Ssst...! Umar bin Khattab mengerem laju tunggangannya. Ia merasa ada yang salah dengan kuda yang barusan ia beli. Ketika kuda tersebut ia bayar dari seorang badui, rasa-rasanya tidak ada yang bermasalah. Merasa dirugikan, Umar langsung banting setir ke tempat si badui. “Ambil kudamu, karena ternyata ia terluka!” Si badui menolak, “Aku tidak mau mengambilnya. Hai Amirul Mukminin, aku menjualnya kepadamu dalam keadaan sempurna dan sehat.” Umar tidak bisa ngeyel karena argumen si badui juga masuk akal. Umar lantas meminta masalah ini diserahkan kepada seorang hakim. Si badui mengusulkan agar Syuraih bin Alharits yang memutuskan perkara mereka.
Setelah sampai kepada Syuraih, mereka mengadukan permasalahan yang tengah terjadi. Syuraih berkata, “Apakah anda menerima kuda itu dalam keadaan sempurna, hai Amirul Mukminin?
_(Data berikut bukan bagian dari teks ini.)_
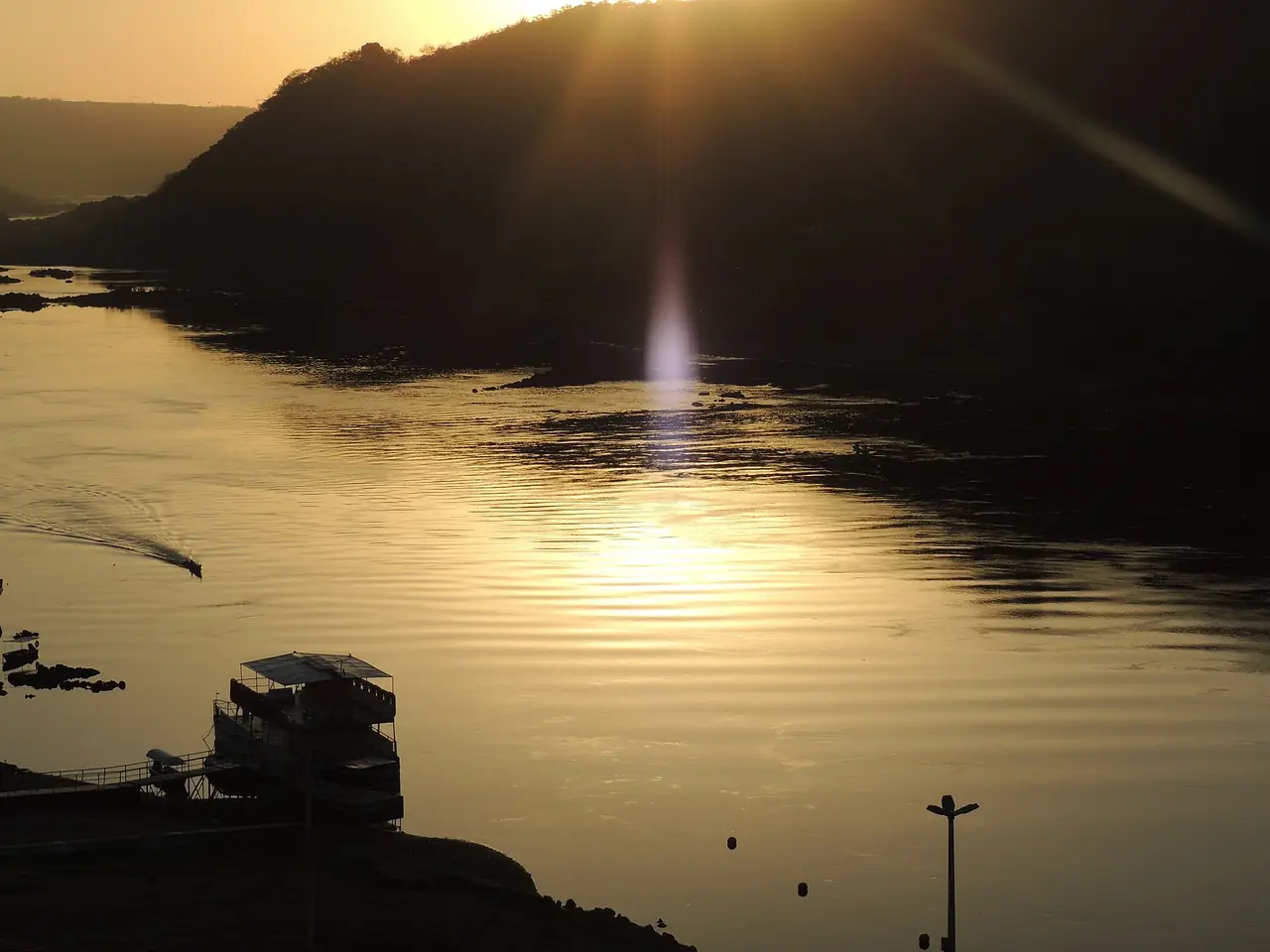 Amanhecer no Rio São Francisco em Piranhas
Umar menjawab, “Ya!” Syuraih pun memberikan putusan kepada Umar untuk menerima kuda itu atau boleh dikembalikan asal kondisinya sempurna sebagaimana ia terima dari si badui. Meski saat ini ditemukan kecacatan, namun ketika transaksi terjadi, Umar telah memastikan sendiri kondisi kuda itu sehat dan baik. Artinya, Umar tidak berhak menuntut si badui atas sesuatu yang terjadi setelah transaksi selesai.
Setelah kejadian di atas, Umar bukannya anyel tapi justru mengangkat Syuraih menjadi hakim. Syuraih pensiun menjadi hakim di masa kepemimpinan Muawiyah, ketika usianya mencapai seratus tahun lebih. Di masa Ali, ia juga menjadi hakim antara Ali dan seorang Yahudi. Ali menuduh si Yahudi telah menjual baju besinya yang terjatuh ketika berangkat menuju Shiffin. Si Yahudi ngotot bahwa baju besi itu adalah miliknya. Ali tidak mau kalah karena ia yakin itu adalah miliknya.
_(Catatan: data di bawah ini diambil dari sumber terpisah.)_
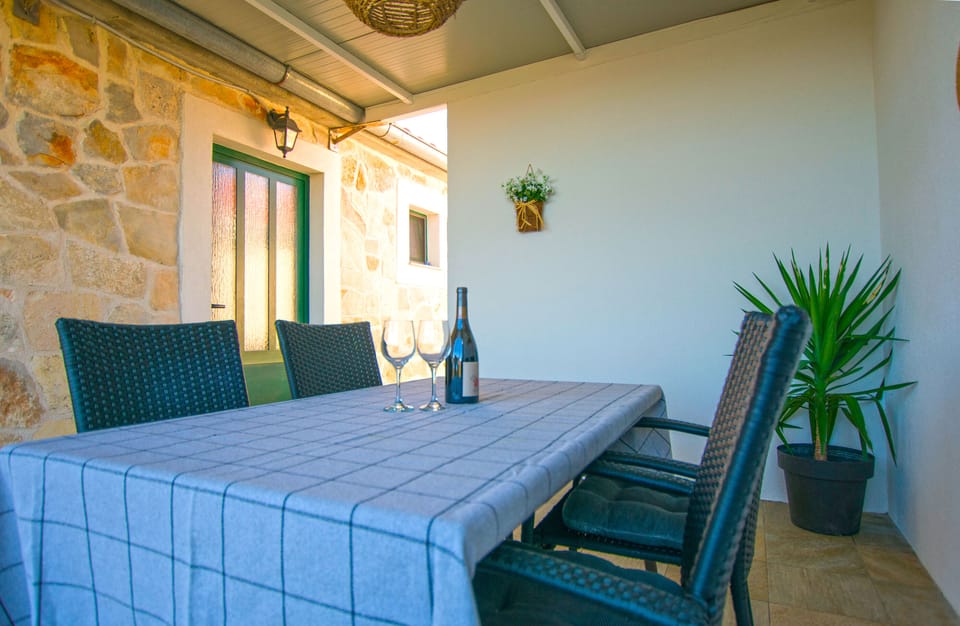 balcony-terrace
Syuraih meminta Ali agar mendatangkan dua saksi yang membenarkan pernyataannya. Ali mengajukan budaknya dan Alhasan, putranya. Syuraih menolak Alhasan karena anak tidak boleh menjadi saksi bagi orang tuanya. Ali berdalih Alhasan adalah orang yang dijamin masuk surga oleh Rasulullah sehingga kesaksiannya seharusnya tetap bisa diterima. Syuraih tetap pada pendiriannya bahwa kesaksian anak untuk orang tuanya tidak bisa diterima. Alhasil, karena Ali dianggap gagal menghadirkan dua orang saksi maka Ali dinyatakan kalah dalam persidangan tersebut.
Weleh! Si Yahudi kaget dengan apa yang terjadi. Ia tidak menyangka bakalan menang melawan Khalifah. Saking kagumnya dengan keadilan dalam Islam, ia malah masuk Islam dan mengaku bahwa benda itu memang ia temukan terjatuh dari arakaaraara pasukan Ali. Ali bahagia dengan keislaman lelaki itu dan berkata, “karena kamu masuk Islam, aku menghibahkannya untukmu. Aku juga akan memberimu seekor kuda.”
Itulah masa ketika pemimpin bangsa memilih hakim untuk memenangkan keadilan, bukan diri dan kelompoknya. Wallahu a’lam.